Jednym z nasuwających się pytań jest to, dlaczego PZW Puławy Miasto, które odpowiadało za organizację zawodów, umieściło stanowisko wędkarskie w pobliżu linii energetycznej? – Trudno mi powiedzieć, jak wyglądała organizacja tych zawodów, bo osobiście za to nie odpowiadałem. Wiem, że zawody na tym stawie odbywały się już wielokrotnie. To, co się stało, było w mojej ocenie nieszczęśliwym wypadkiem, ale my przy kolejnych zawodach na pewno będziemy zwracali większą uwagę na bezpieczeństwo wędkarzy. Musimy dmuchać na zimne, żeby taka historia nigdy się nie powtórzyła – mówi Aleksy Piech, prezes puławskiego koła.
Za organizację wydarzenia odpowiadał wiceprezes koła do spraw sportu, Wojciech Poduch oraz sędzia Jarosław Magryta, sekretarz koła. Ten pierwszy przyznaje, że wypadkowi można było zapobiec. Niestety nikt w porę nie zainterweniował. – Nie jest mi łatwo po tym, co się stało. Czuję się częściowo odpowiedzialny za ten wypadek i wiem, że można było mu zapobiec na różnych poziomach organizacji zawodów.
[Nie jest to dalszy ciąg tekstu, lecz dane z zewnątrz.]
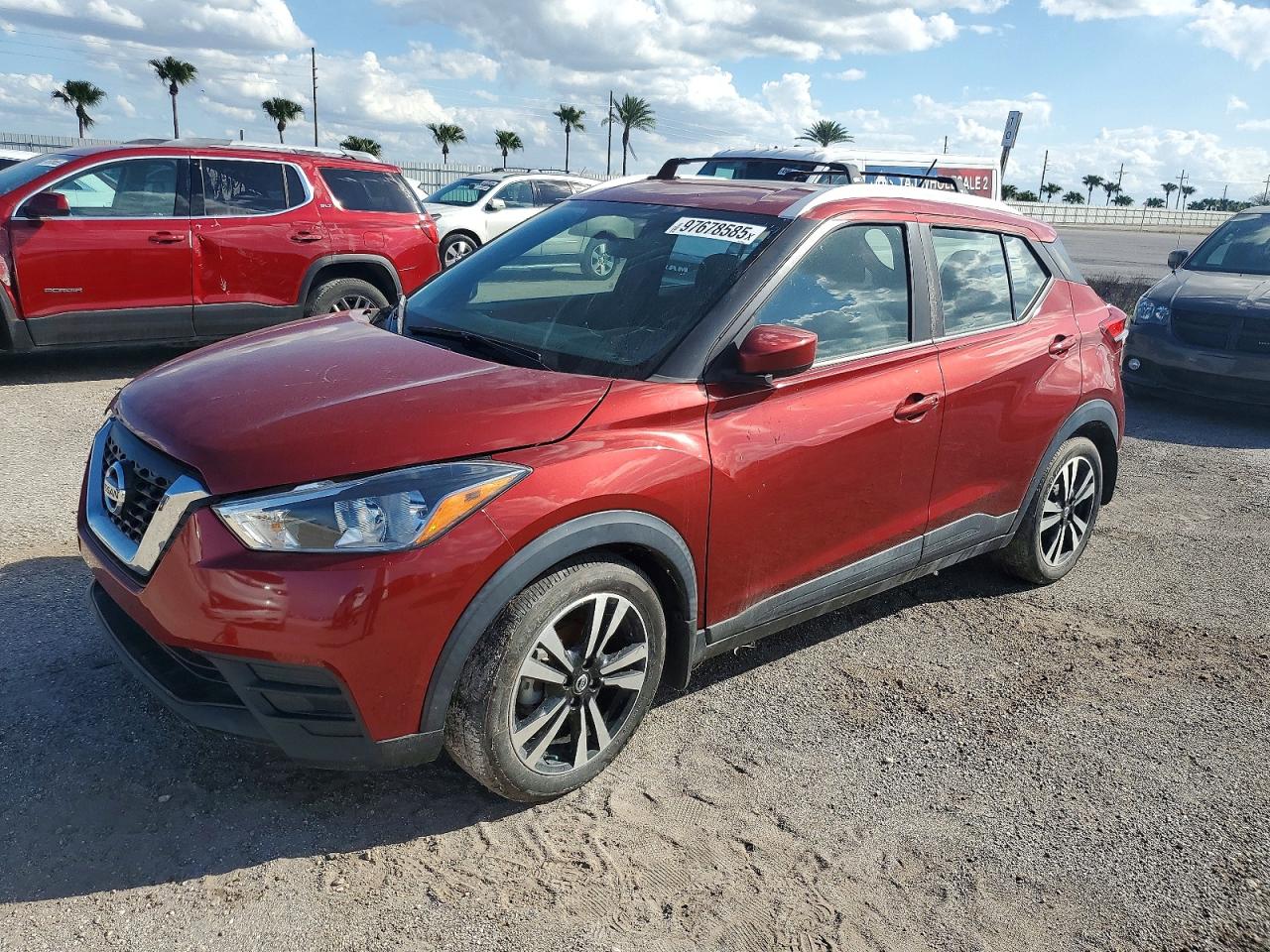 2018 Nissan Kicks VIN 3N1CP5CU6JL538472 photo 1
Zainterweniować zawczasu mogli sędziowie lub gospodarz łowiska. Protest mógł złożyć także sam zawodnik, do czego, jak wiem, był zachęcany przez innych wędkarzy. Tak się jednak nie stało, człowiek nie żyje, a my czasu nie cofniemy – mówi wiceprezes Poduch z PZW Puławy Miasto.
Jarosław Magryta o tym, co się stało 12 czerwca oraz jaką funkcję pełnił podczas markuszowskich zawodów, rozmawiać nie chciał.
Postępowanie w sprawie śmierci wędkarza prowadzi puławska Prokuratura Rejonowa. – Dotyczy ono spowodowania ciężkiego uszkodzenia ciała, którego następstwem była śmierć. Obecnie czekamy na wyniki sekcji i badamy okoliczności zdarzenia – mówi prokurator Katarzyna Abramowicz.